Exactly as they appear, copy the lines from the one holding "Photo of property" through the end of the records, leaving pictures out.
---------- Excerpted data ----------
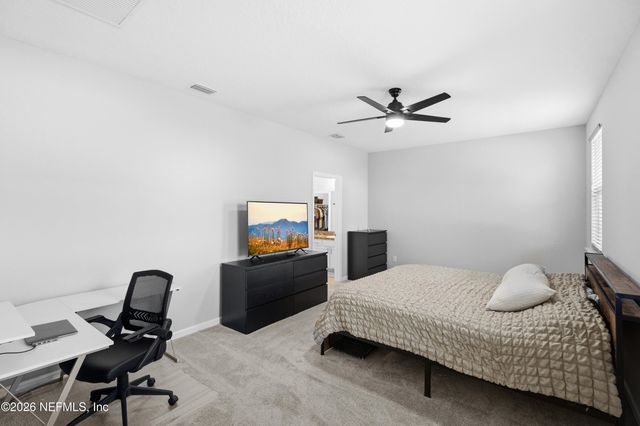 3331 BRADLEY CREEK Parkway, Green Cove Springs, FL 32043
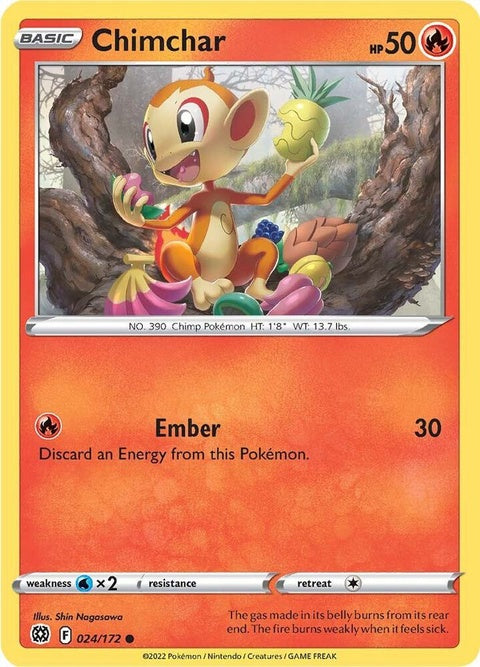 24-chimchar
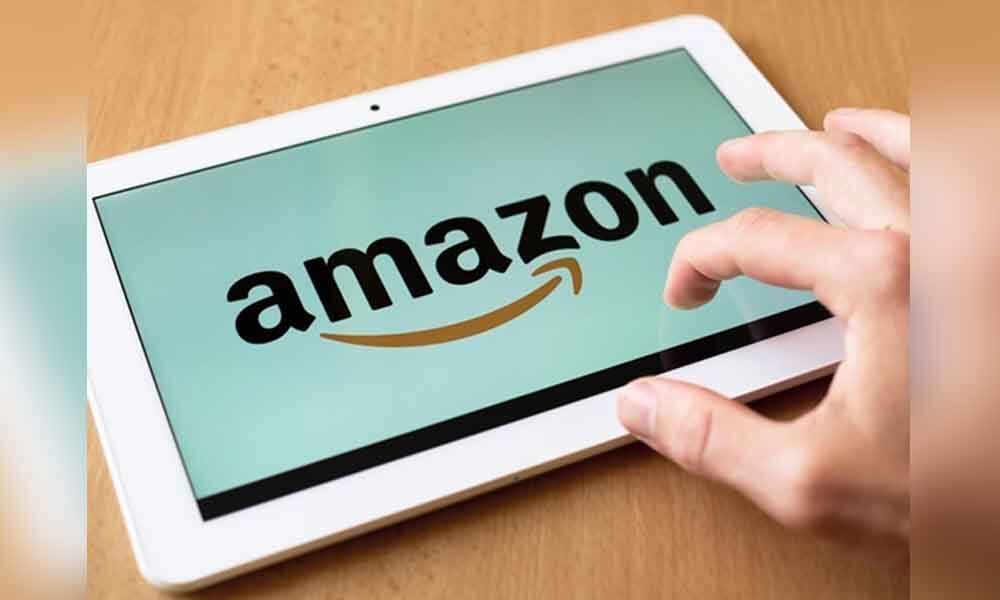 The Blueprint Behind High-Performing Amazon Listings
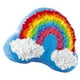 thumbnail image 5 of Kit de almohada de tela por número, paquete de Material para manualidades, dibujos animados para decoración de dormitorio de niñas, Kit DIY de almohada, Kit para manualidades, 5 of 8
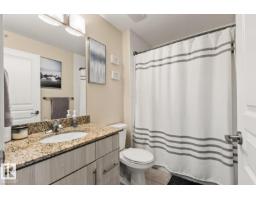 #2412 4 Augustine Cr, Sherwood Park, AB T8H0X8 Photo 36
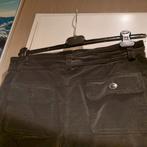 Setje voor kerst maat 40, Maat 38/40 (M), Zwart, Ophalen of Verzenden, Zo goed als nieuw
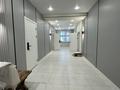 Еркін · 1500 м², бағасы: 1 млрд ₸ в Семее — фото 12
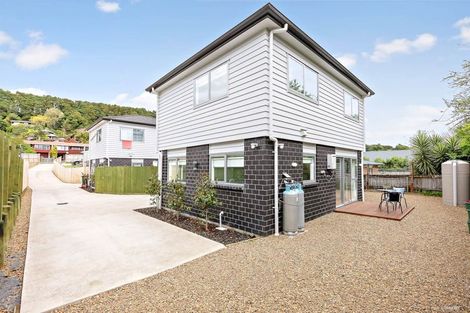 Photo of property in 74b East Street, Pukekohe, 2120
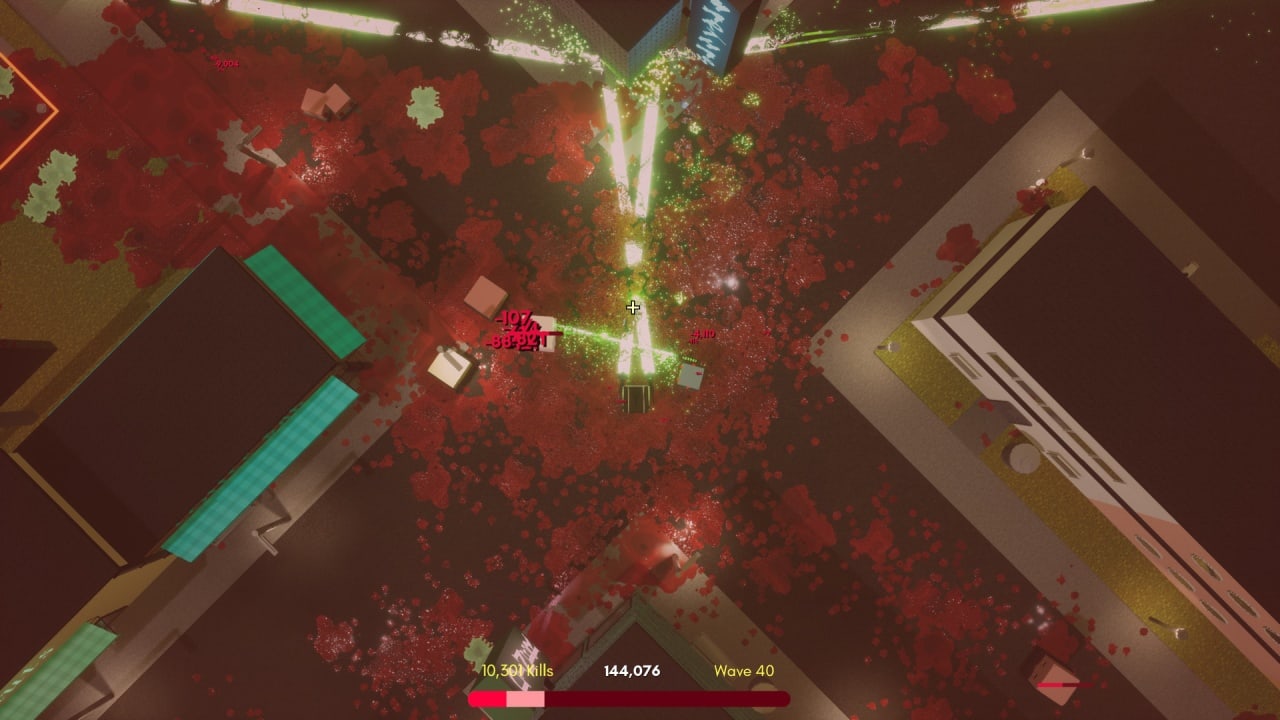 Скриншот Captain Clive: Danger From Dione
----------
→ **Response to this exercise**
 Photo of property in 74b East Street, Pukekohe, 2120
 Скриншот Captain Clive: Danger From Dione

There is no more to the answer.